The Broadalbin Town Board held its regular meeting on Tuesday. From the left are Councilmen Doug Kissinger, Michael Greco and Supervisor Sheila Perry. (The Leader-Herald/Briana O’Hara)

BROADALBIN — The town has been working to solve unexpected issues happening at the beach, including the presence of ground bees and service dogs.

Town of Broadalbin Supervisor Sheila Perry gave an updated report on the town beach in which she said despite unexpected issues, beach revenues in July were approximately $7,700, generated from a $5 parking fee for each vehicle. So far in August, as the weather has been cooling down, Perry said revenue went down a bit.

“At this point, the beach has made through the gate $9,500,” Perry said.

However one unexpected problem at the beach has been service and therapy dogs. Even though pets are not allowed at the beach, a service animal is a working animal and not a pet and is allowed at the town park or beach.

According to documentation provided to the town from the Americans with Disabilities Act, service animals are allowed at the beach, “Animals are not permitted in the water for legitimate local public health reasons.”

The ADA also states that documentation for the service animal is not required and the town is not allowed to ask for any type of identification or certification documents for the dog or medical documentation from the handler. If found to have a fake service dog, the crime is punishable by up to six years in jail or a fine of up to $1,000.

Emotional support animals, comfort animals and therapy dogs are not service dogs and are not allowed on the beach

“We had a woman come with a service dog that was then growling at children and barking and acting in a very uncontrolled manor,” Perry said.

She said the person must be in control of the animal and if not, can be asked to leave.

The second issue that occurred at the beach involved ground bees.

“All of a sudden all these holes appeared on the beach and all these ground bees were swarming,” Perry said.

She said she wrote to both the state Department of Environmental Conservation and the Department of Health to see what the town can do to properly get rid of the bees.
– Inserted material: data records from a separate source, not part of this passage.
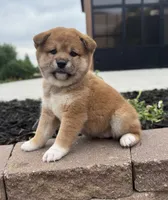 Velvet, a female Shiba Inu for sale in Sioux Falls, SD – 3 of 5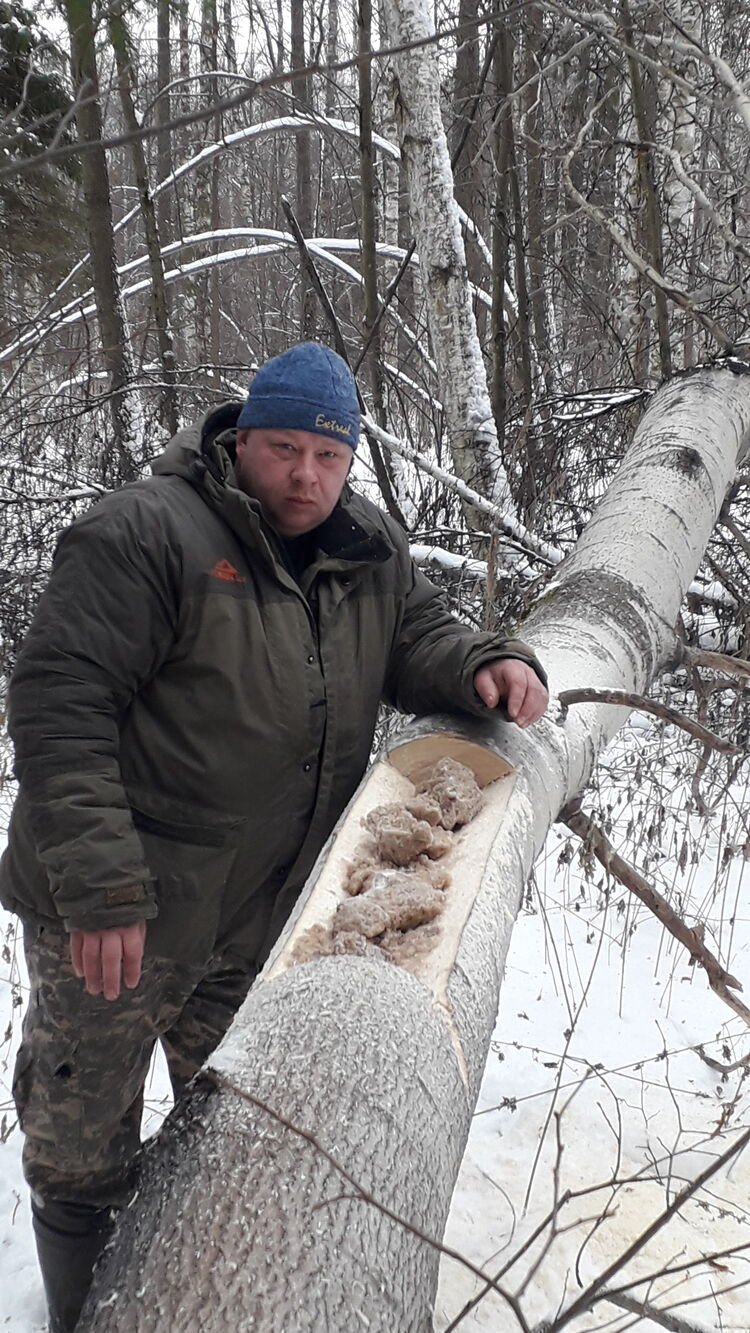 ���� 22727473 ������� �������, 45 ���, ���� ���������� � ����������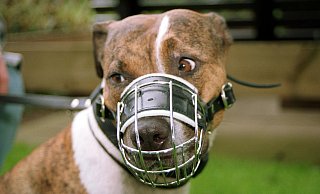 Gesteigertes Aggressionsverhalten, mangelnde Sozialisation, hoher Beute- oder Herdenschtztrieb, isolierte Haltung, mangelhafte Erziehung – Hunde werden aus vielen Gründen verhaltensauffällig. - key/ol Gesteigertes Aggressionsverhalten, mangelnde Sozialisation, hoher Beute- oder Herdenschtztrieb, isolierte Haltung, mangelhafte Erziehung – Hunde werden aus vielen Gründen verhaltensauffällig. - key/ol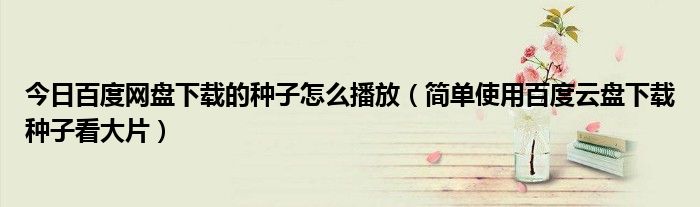 今日百度网盘下载的种子怎么播放（简单使用百度云盘下载种子看大片）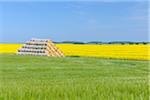 Bales of Hay, Ruegen, Ruegen District, Mecklenburg, Mecklenburg-Vorpommern, Germany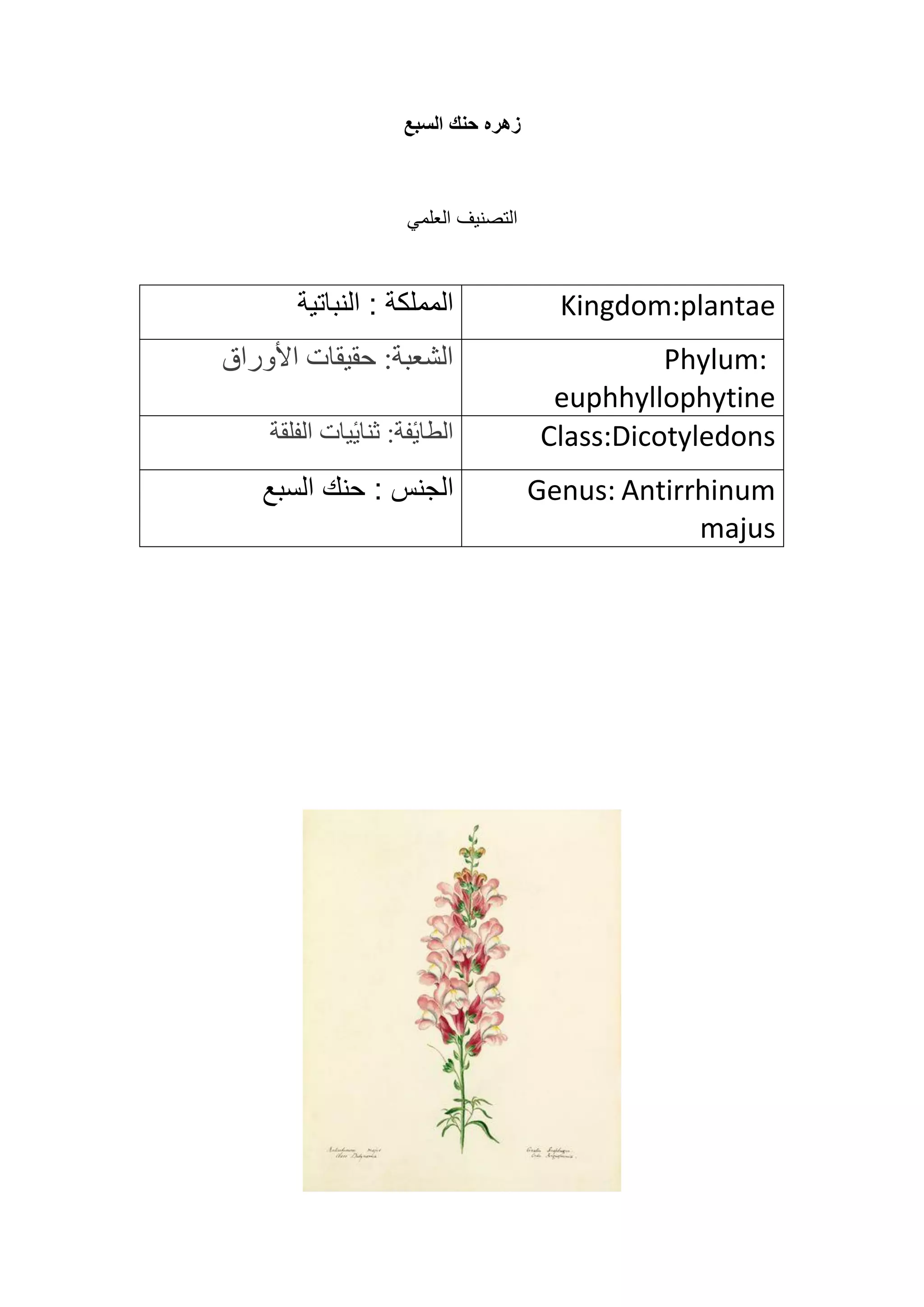 ‫زهره‬
‫السبع‬ ‫حنك‬
‫العلمي‬ ‫التصنيف‬
Kingdom:plantae
‫النباتية‬ : ‫المملكة‬
Phylum:
euphhyllophytine
‫األوراق‬ ‫حقيقات‬ :‫الشعبة‬
Class:Dicotyledons
‫الفلقة‬ ‫يات‬ٔ
‫ي‬‫ثنا‬ :‫فة‬ٔ
‫ي‬‫الطا‬
Antirrhinum
Genus:
majus
: ‫الجنس‬
‫السبع‬ ‫حنك‬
The DOH told Perry that there are no specific requirements for insect infestation. However any chemical substance cannot be capable of creating toxic reactions to skin or membrane irritations to the general public when the beach is in operation. They suggested digging up the bee hive and physically removing it.

The DEC told Perry to hire a certified applicator to treat for the insect as needed. The DEC said they used Nature’s Way at a different location, but the bees came back two weeks later.

“So we didn’t do anything and [the bees] stopped,” Perry said. “They went away all by themselves. It must have been the season they come out — they were really present — and then they went away.”

Perry said the town wanted to take care of the problem properly since they have permits with both entities.